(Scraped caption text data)
+---+

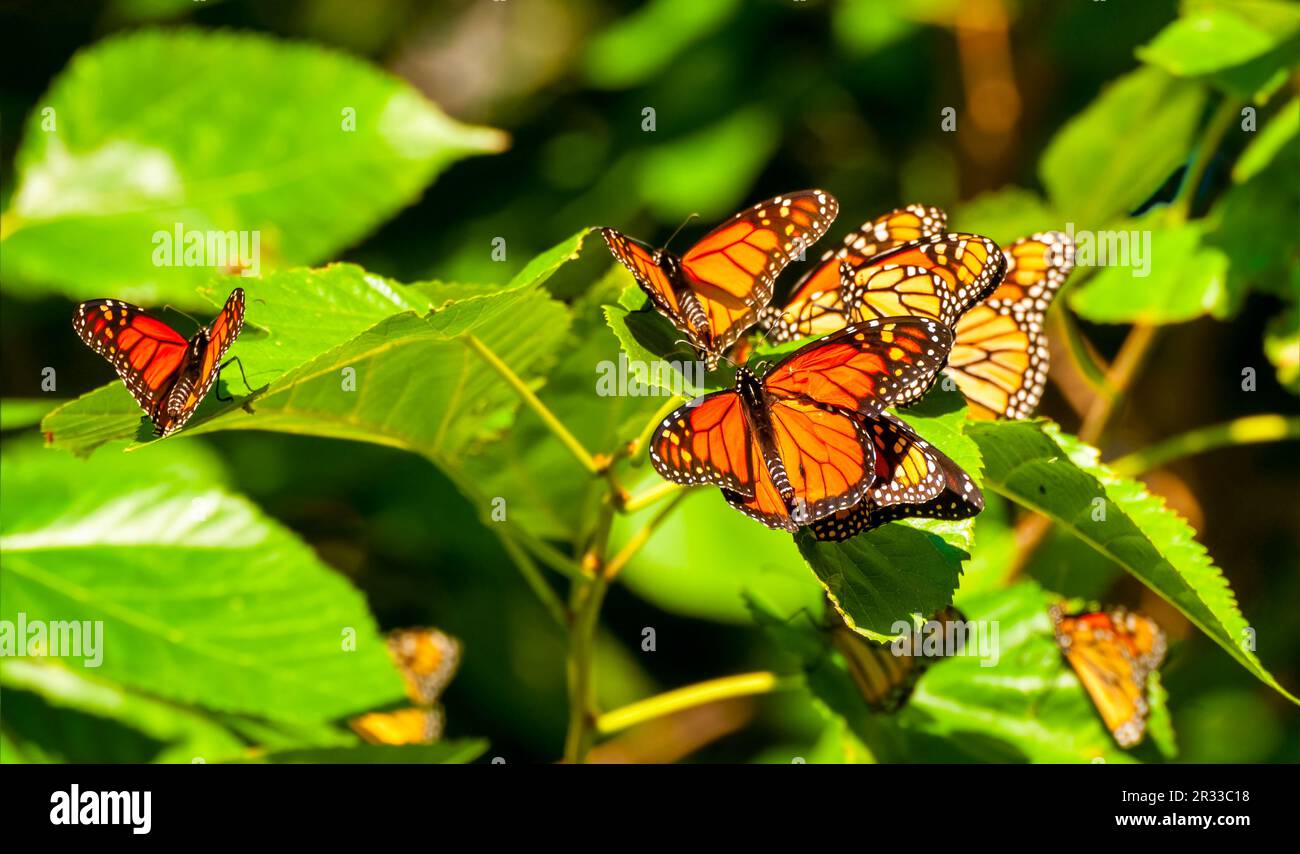 A cluster of monarch butterfles resting on a branch of a sumac tree in Ohio during their annual migration Stock Photo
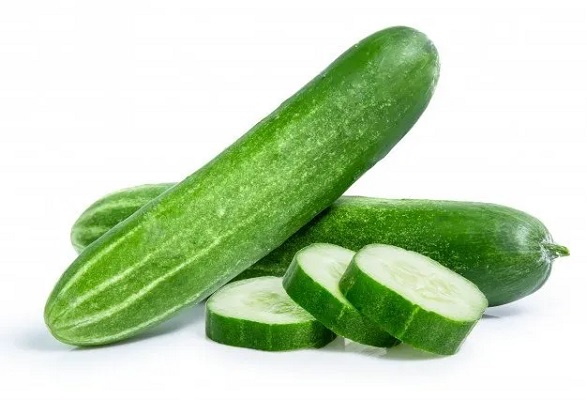 Cucumber (Kheera – Cucumis Sativus)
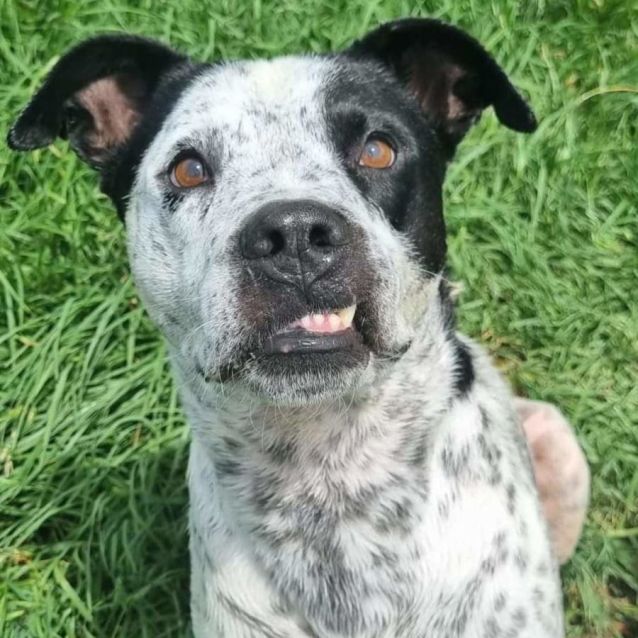 Photo of Draco Malfoy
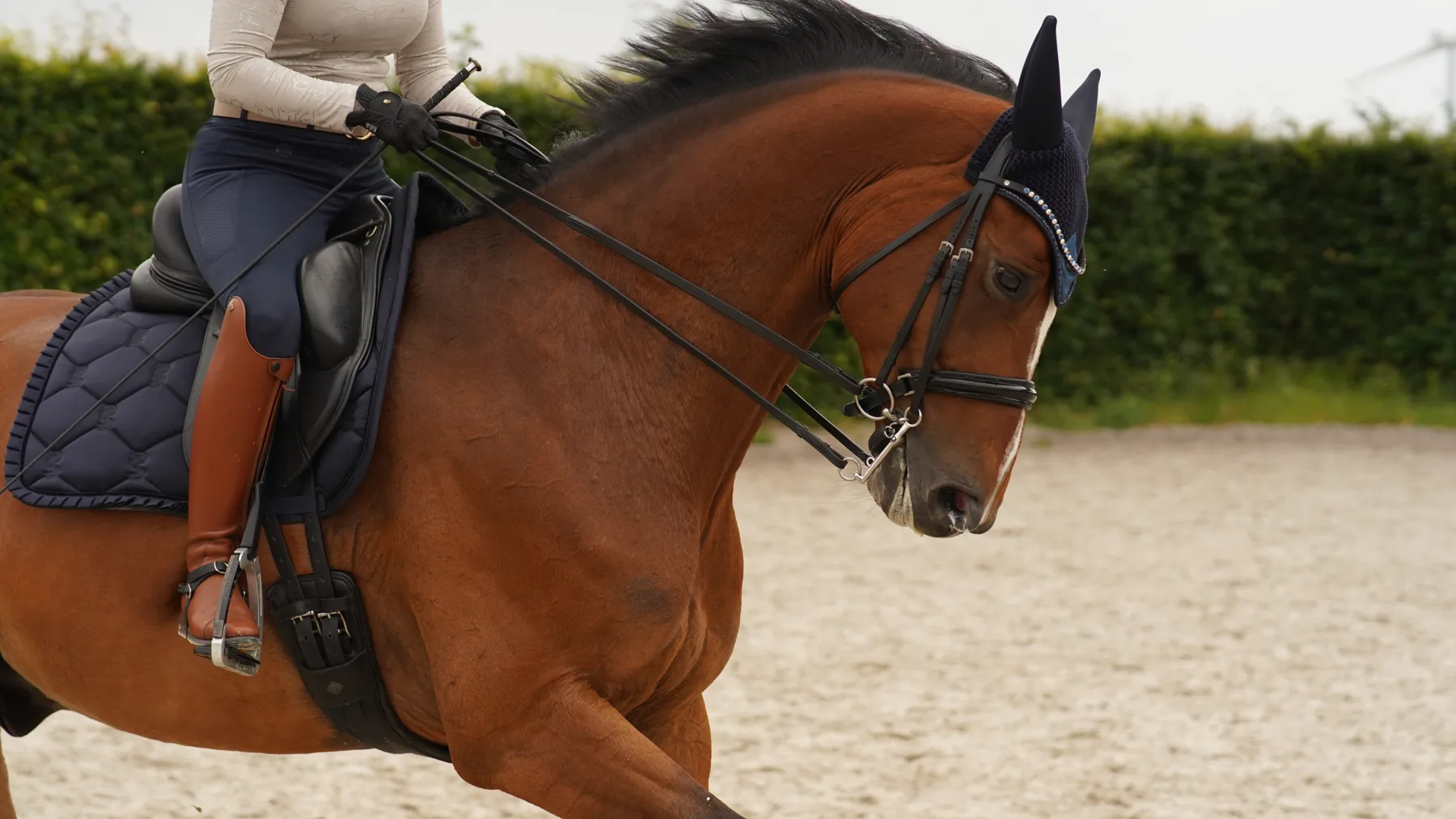Paard in het werk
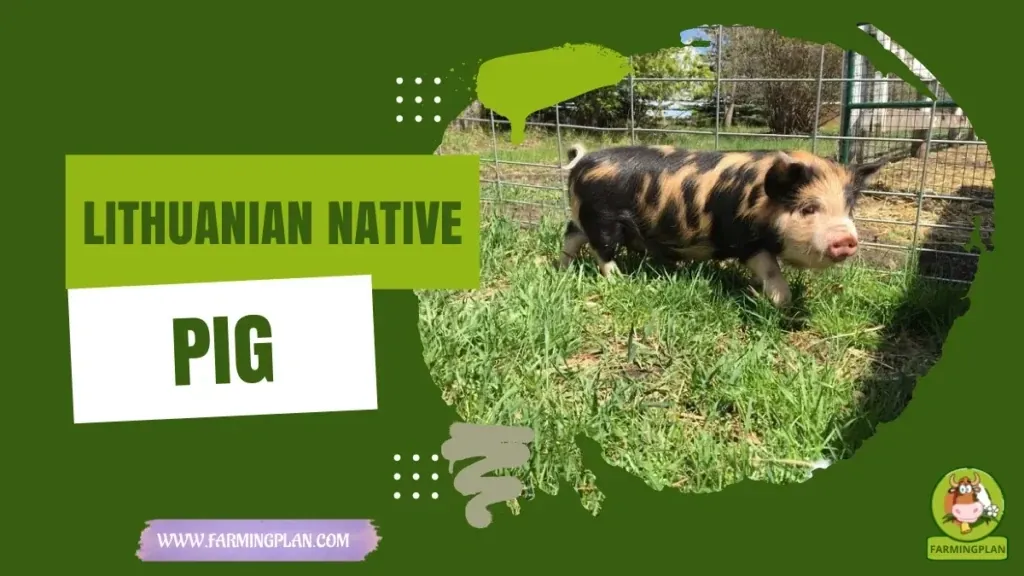 Lithuanian Native Pig characteristics, agricultural utility and breed care guide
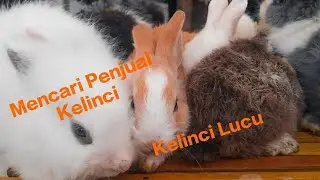 Kelinci Lucu Akhir nya Ketemu Juga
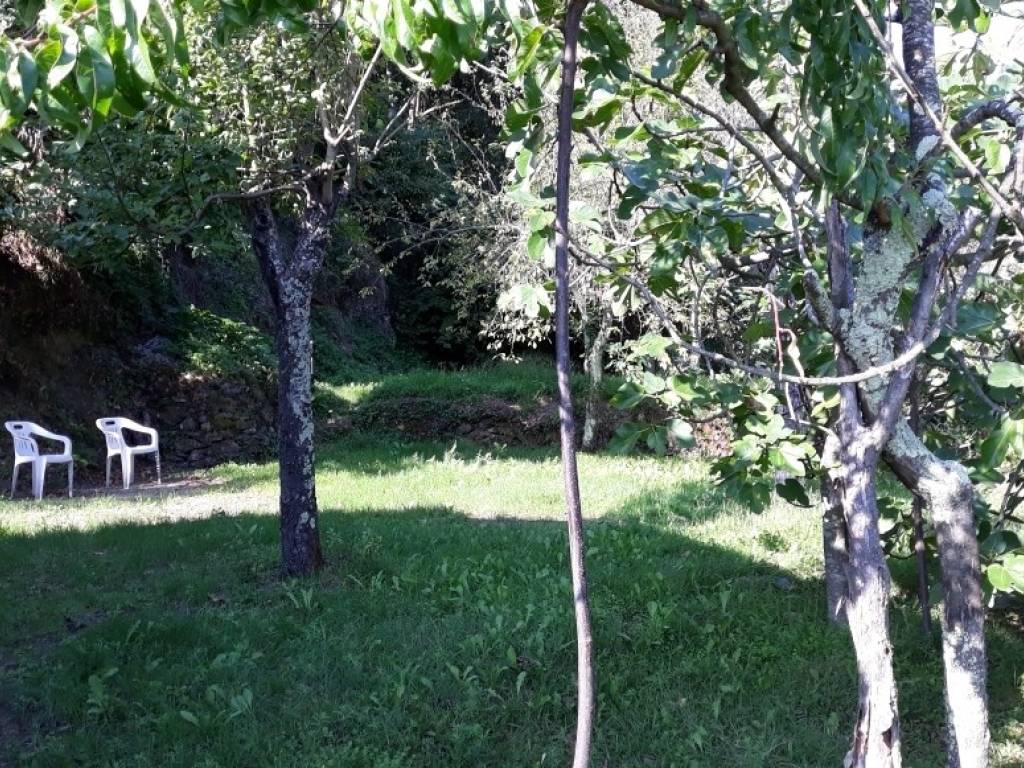 Villa a Ameglia - Foto 3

+---+

Instructions to follow
Copy out every line above, word for word, minus images.

The answer
 A cluster of monarch butterfles resting on a branch of a sumac tree in Ohio during their annual migration Stock Photo
 Cucumber (Kheera – Cucumis Sativus)
 Photo of Draco Malfoy
Paard in het werk
 Lithuanian Native Pig characteristics, agricultural utility and breed care guide
 Kelinci Lucu Akhir nya Ketemu Juga
 Villa a Ameglia - Foto 3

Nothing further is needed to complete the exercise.